Let’s face it, anyone who has worked on Time Series Forecasting problems in the retail, logistics, e-commerce etc. would have definitely cursed that long tail which never behaves. The dreaded intermittent time series which makes the job of a forecaster difficult. This nuisance renders most of the standard forecasting techniques impractical, raises questions about the metrics, model selection, model ensembling, you name it. And to make things worse, there may be cases(like in the spare parts industry, where intermittent patterns appear is slow-moving but highly critical or high value items.

Notation

Y_iith element of the time series

n – The index of timeseries

i – The index of non-zero demand

Q_i – The inter-demand interval, i.e. the gap between two non-zero demand.

M_i – The demand size at non-zero demand point.

Traditional Approach

Traditionally, there is a class of algorithms which take a slightly different path to forecasting the intermittent time series. This set of algorithms considered the intermittent demand in two parts – Demand Size and Inter-demand Interval – and modelled them separately.

Croston

Croston proposed to apply a single exponential smoothing seperately to both M and Q, as below:

\hat{M_{i+1}} = \alpha M_{i} + (1-\alpha) \hat{M_i}

\hat{Q_{i+1}} = \beta Q_{i} + (1-\beta) \hat{Q_i}

After getting these estimates, final forecast,

F = \frac{\hat{Q_{i+1}}}{\hat{M_{i+1}}}

And this is a one-step ahead forecast and if we have to extend to multiple timesteps, we are left with a flat forecast with the same value.

Croston(SBA)

Syntetos and Boylan, 2005, showed that Croston forecasting was biased on intermittent demand and proposed a correction with the \beta from inter demand interval estimation.

F = (1- \frac{\beta}{2})\frac{\hat{Q_{i+1}}}{\hat{M_{i+1}}}

Croston(SBJ)

Shale, Boylan, and Johnston (2006) derived the expected bias when the arrival follow a Poisson process.

F = (1- \frac{\beta}{2-\beta})\frac{\hat{Q_{i+1}}}{\hat{M_{i+1}}}

Croston Forecasting as Renewal Process

Renewal process is an arrival process in which the interarrival intervals are positive, independent and identically distributed (IID) random variables (rv’s). This formulation generalizes Poison process for arbitrary long times. Usually, in a Poisson process the inter-demand intervals are exponentially distributed. But renewal processes have an i.i.d. inter-demand time that have a finite mean.
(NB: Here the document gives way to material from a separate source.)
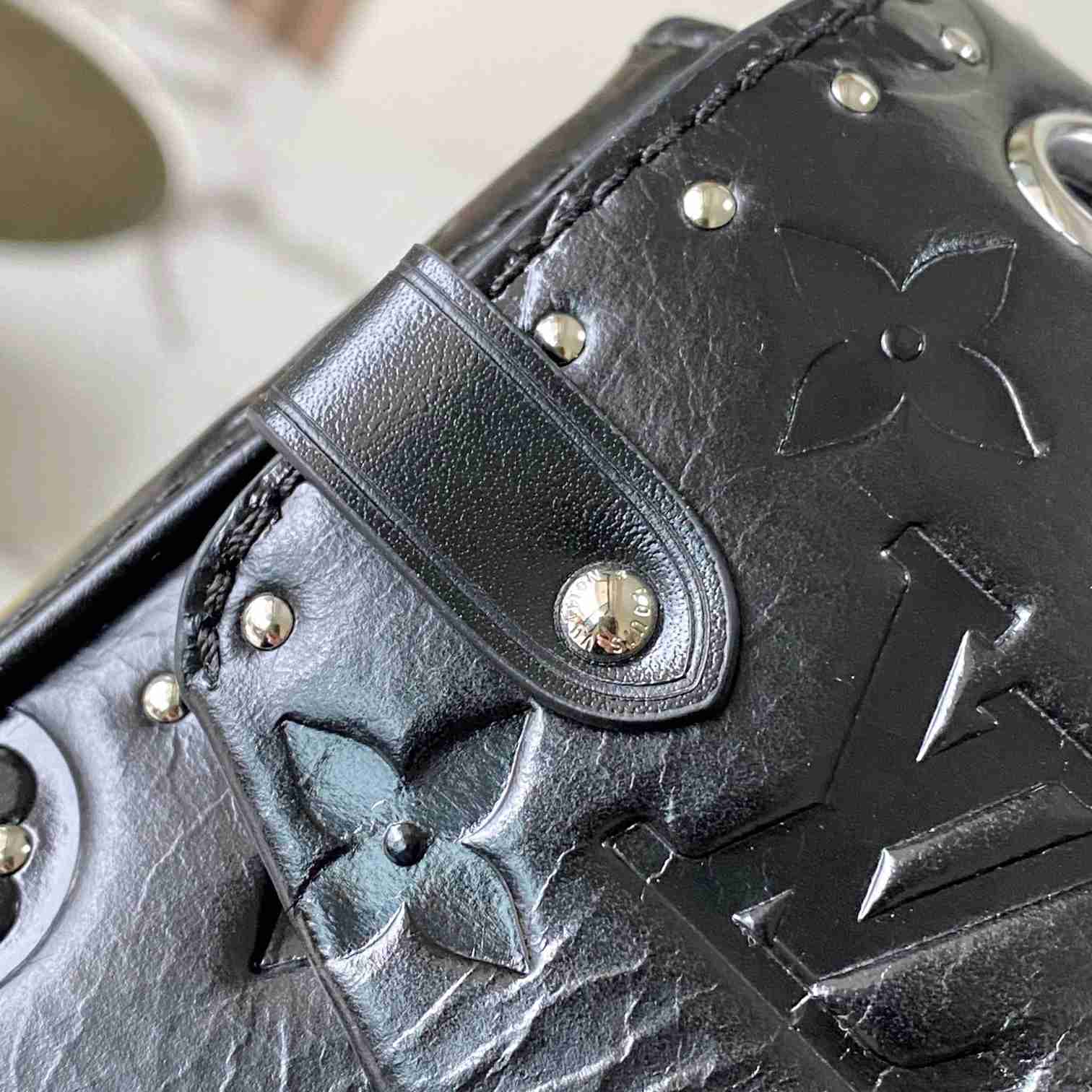 Louis Vuitton  Trunkie M28137 - DesignerGu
Turkmen et al. 2019 casts Croston and its variants into a renewal process mold. The random variables, M and Q, both defined on positive integers fully define the Y_n

Deep Renewal Process

Once Croston forecasting was cast as a renewal process, Turkmen et al. proposed to estimate them by using a separate RNN for each “Demand Size” and “Inter-demand Interval”.

Q_i \sim \mathcal{NN} (g_q(h_i))

M_i \sim \mathcal{NN} (g_m(h_i))

where

h_i= LSTM_{\Theta} (h_{i-1}, Q_i, M_i)

This means that we have a single RNN, which takes in as input both M and Q and encodes that information into an encoder(h). And then we put two separate NN layers on top of this hidden layer to estimate the probability distribution of both M and Q. For both M and Q, Negative Binomial distribution is the choice suggested by the paper.
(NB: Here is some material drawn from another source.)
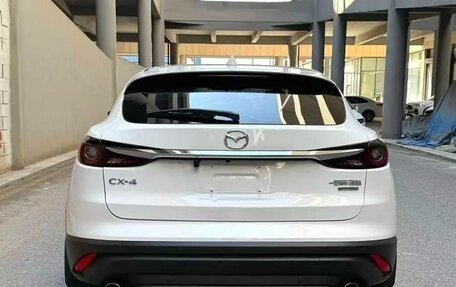Mazda CX-4, 2023 год, 2 320 000 рублей, 5 фотография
Negative Binomial Distribution

Negative Binomial Distribution is a discrete probability distribution which is commonly used to model count data. For example, the number of units of an SKU sold, number of people who visited a website, or number of service calls a call center receives.
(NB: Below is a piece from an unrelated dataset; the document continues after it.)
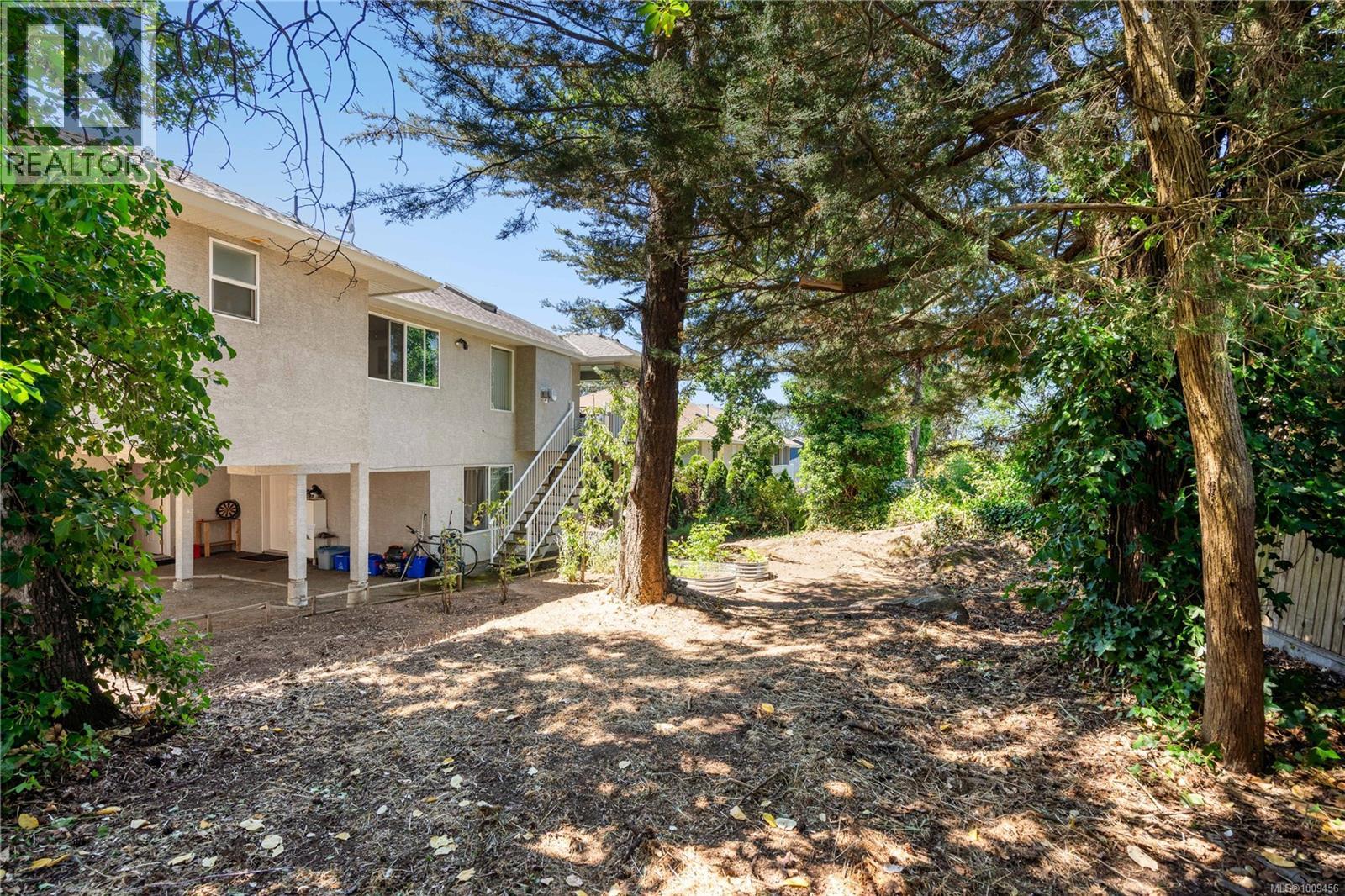  4202 Quadra Street, Saanich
The distribution derives from a sequence of Bernoulli Trials, which says that there are only two outcomes for each experiment. A classic example is a coin toss, which can either be heads or tails. So the probability of success is p and failure is 1-p (in a fair coin toss, this is 0.5 each). So now if we keep on performing this experiment until we have seen r successes, the number of failures we see will have a negative binomial distribution.

X \sim NB(r,p)

The semantic meaning of success and failure need not hold true when we apply this, but what matters is that there are only two types of outcome.

Source: StatisticsHowTo

Network Architecture

Our Contribution

The paper just talks about one-step ahead forecasts, which is also what you will find in a lot of Intermittent Demand Forecast literature. But in a real world, we would need longer than that to plan properly. Whether it is Croston, or Deep Renewal Process, how we generate a n-step ahead forecast is the same – a flat forecast of Demand Size(M)/Inter-demand Time(Q).

We have introduced a two new method of decoding the output – Exact and Hybrid – in addition to the existing method Flat. Suppose we trained the model with a prediction length of 5.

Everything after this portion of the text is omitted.